Il racconto ad oggi più accreditato è legato proprio al termine traxende o trasende − seppur anche in questo caso l’etimologia non sia certa −, che indicava piccole finestrelle utilizzate nella regolazione dei flussi d’acqua. Centotrecento era, infatti, attraversata da molti canaletti derivati dal Canale di Savena; perciò, secondo la tradizione, per regolarne l’andamento, gli abitanti costruirono cento di queste finestrelle. Sarà vero? Non possiamo saperlo. Non ci resta che scegliere se chiudere il libro e non leggere più racconti, o continuare a sfogliare le pagine e scoprirne di nuovi.
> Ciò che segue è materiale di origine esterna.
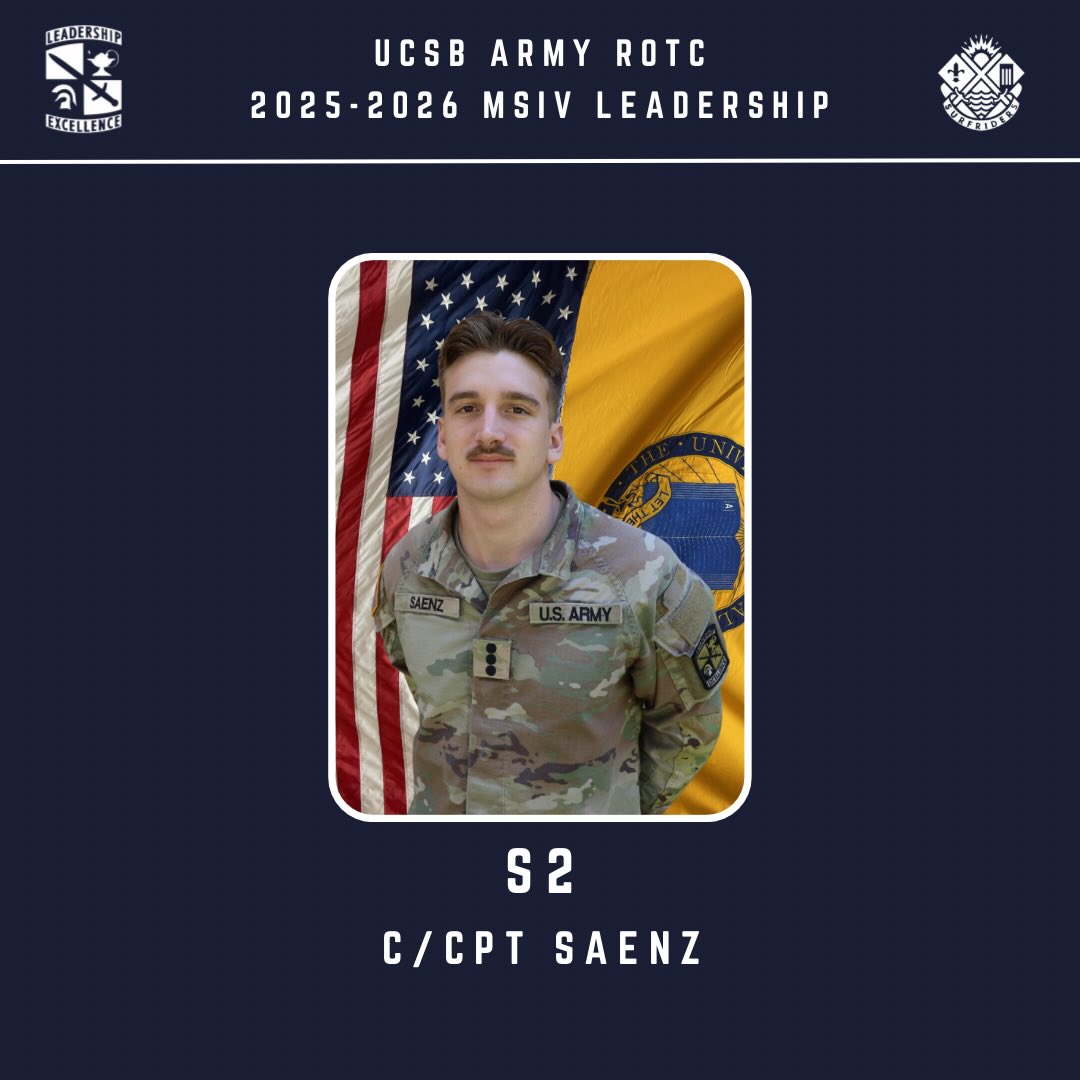 UCSB ROTC | Santa Barbara CA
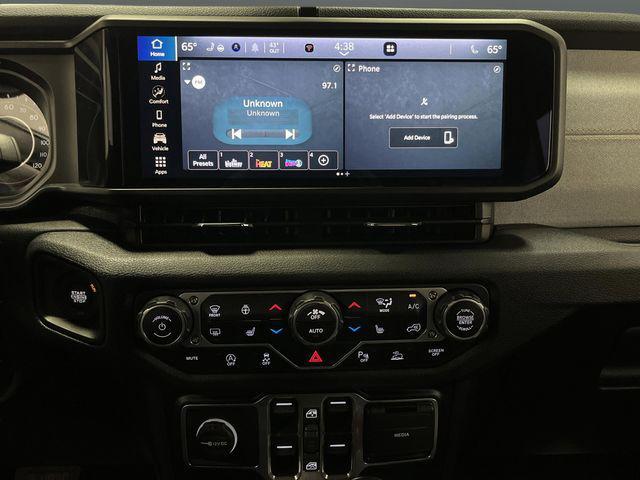 used 2024 Jeep Wrangler car, priced at $38,400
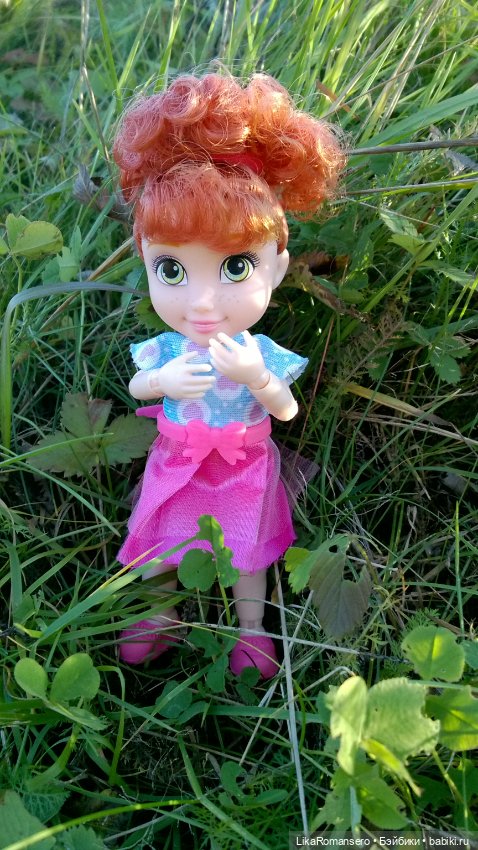 Моя любимая Алекса — Куклы Baboliy (Баболи (фото 5)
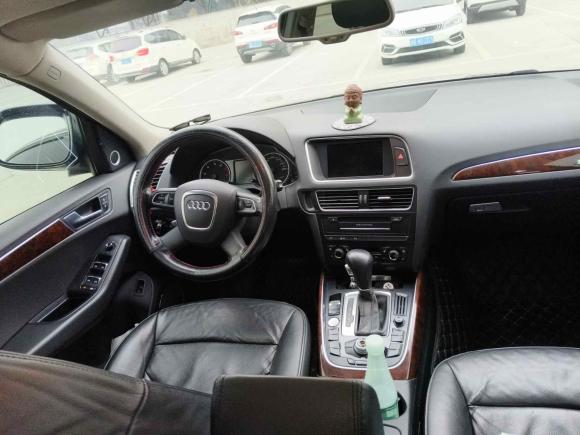 [宁波·浙B] 二手奥迪奥迪Q52012款 2.0TFSI 舒适型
…E vissero felici e contenti

Tra il 2010 e il 2012, Centotrecento, grazie al progetto LSP (luoghi di sosta pedonale), torna ad essere una strada viva dove grandi e piccini possono, dopo tanto tempo, giocare e ritrovarsi. Gli abitanti, infatti, hanno allestito delle “micro-piazze” lungo la via per incontrarsi, conoscersi, giocare a carte o far divertire i bambini. Un’iniziativa volta alla socializzazione e alla riqualifica della via, un progetto fresco, promosso da giovani e accolto con entusiasmo. Sono stati momenti di condivisione tanto importanti che non sono passati inosservati: il Comune di Casalecchio, infatti, nel 2012, ha deciso di attribuire loro il riconoscimento “la città dei cittadini”.

L’esempio di questa piccola realtà immersa nella Bologna universitaria trasmette i valori della solidarietà e della familiarità che un tempo erano scontati per i suoi abitanti. Ci auguriamo che, presto, questo progetto possa coinvolgere altre vie e permettere ad altri cittadini di ritrovare un luogo di incontro e di scambio, in una città ormai sempre più invasa dalle macchine, dal traffico e dallo smog. Affinché quel passato così vivo non rimanga solo il riflesso di un’infanzia passata a camminare sui tetti della piccola via Centotrecento.